For this project, we will create an anime recommendation system. A user will input his/hers genre of choice and the model will output the top 10 anime of that genre, along with their descriptions. 

The Data used for this project consist of about 17.562 anime and the preference from 325.772 different users. 

Datasets Description:

The Anime_df has 16214 rows and 5 columns:

* MAL_IDName: the anime id (Primary key) 
* Name: the title of the anime
* Score: the average rating (however we will drop that column)
* Genres: the genres of each anime entry
* Synopsis: a brief description of the anime.

The Ratings_df has 57633278 rows and 3 columns:

* user_id: Id of the user who left a rating
* anime_id: anime id (foreigh key)
* rating: rating from 1 to 10

The Big Data problem surrounding this project is Volume, because of the large number of rows of the Ratings_df.

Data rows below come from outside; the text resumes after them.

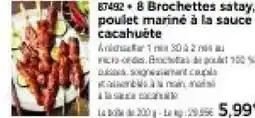 Thiriet Brochettes satay offre
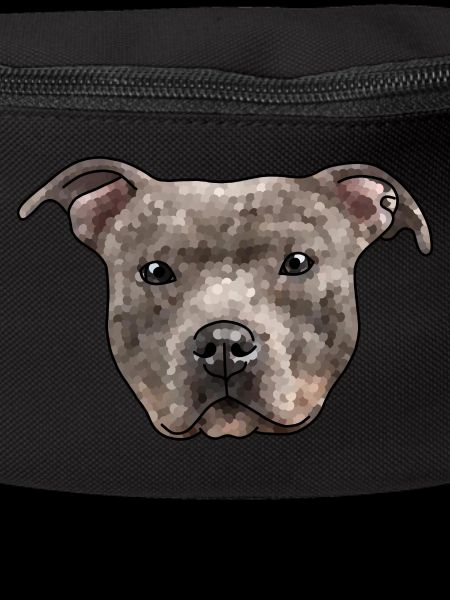 Staffy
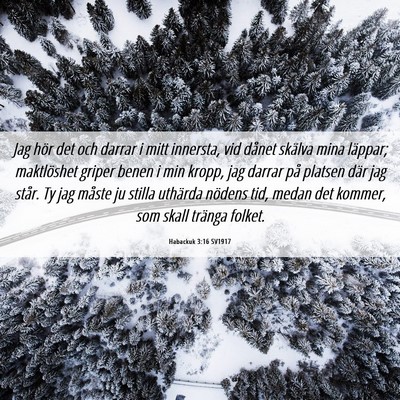 Picture 06 - Habackuk 3:16 SV1917 - Jag hör det och darrar i mitt innersta, vid - Bible Verse Picture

Moreover, we will perform analysis on batch data.

# Setting Up Pyspark

In [None]:
# innstall java
!apt-get install openjdk-8-jdk-headless -qq > /dev/null

# install spark (change the version number if needed)
!wget -q https://archive.apache.org/dist/spark/spark-3.0.0/spark-3.0.0-bin-hadoop3.2.tgz

# unzip the spark file to the current folder
!tar xf spark-3.0.0-bin-hadoop3.2.tgz

# set your spark folder to your system path environment. 
import os
os.environ["JAVA_HOME"] = "/usr/lib/jvm/java-8-openjdk-amd64"
os.environ["SPARK_HOME"] = "/content/spark-3.0.0-bin-hadoop3.2"


# install findspark using pip
!pip install -q findspark

In [None]:
! pip install pyspark

In [None]:
import findspark
findspark.init()
findspark.find()

In [None]:
from pyspark.context import SparkContext, SparkConf
from pyspark.sql import *
from pyspark.sql import SparkSession
from pyspark.sql import Window
from pyspark.sql import Row
import numpy as np
import pandas as pd 
import matplotlib.pyplot as plt
from pyspark.sql import functions as F
from pyspark.sql.functions import explode 
from pyspark.sql.functions import rank
from pyspark.sql.functions import col 
from pyspark.sql.functions import avg 
from pyspark.sql.functions import split
from pyspark.sql.functions import round
import time
from functools import reduce

In [None]:
spark = SparkSession.builder\
        .master('local[5]')\
        .appName('Anime recommendation system')\
        .config('spark.ui.port', '4050')\
        .getOrCreate()

#Importing Data

In [None]:
Anime_df = spark.read.csv('/content/drive/MyDrive/Colab Notebooks/anime_with_synopsis.csv', header=True, inferSchema=True)
Ratings_df = spark.read.csv('/content/drive/MyDrive/Colab Notebooks/rating_complete.csv', header=True, inferSchema=True)

In [None]:
def withColumnRenamed(existingName: any, newName: any): 
  DataFrame

Anime_df = Anime_df.withColumnRenamed("sypnopsis","synopsis")

In [None]:
Anime_df.show(5)

In [None]:
Ratings_df.show(5)

# Data Processing

For the project, we will use the Anime_df as well as the Ratings_df. We will drop the 'Score' column for the Anime_df as we will create a model that will aggregate the ratings of the Ratings_df and then output the score.

In [None]:
Anime_df = Anime_df.drop('Score')

Then we will explode the genre column, so each row have just one gerne

In [None]:
Anime_df.printSchema()

Checking for Null values:

In [None]:
Anime_df.select([F.count(F.when(F.isnull(c), c)).alias(c) for c in Anime_df.columns]).show()

In [None]:
Ratings_df.select([F.count(F.when(F.isnull(c), c)).alias(c) for c in Ratings_df.columns]).show()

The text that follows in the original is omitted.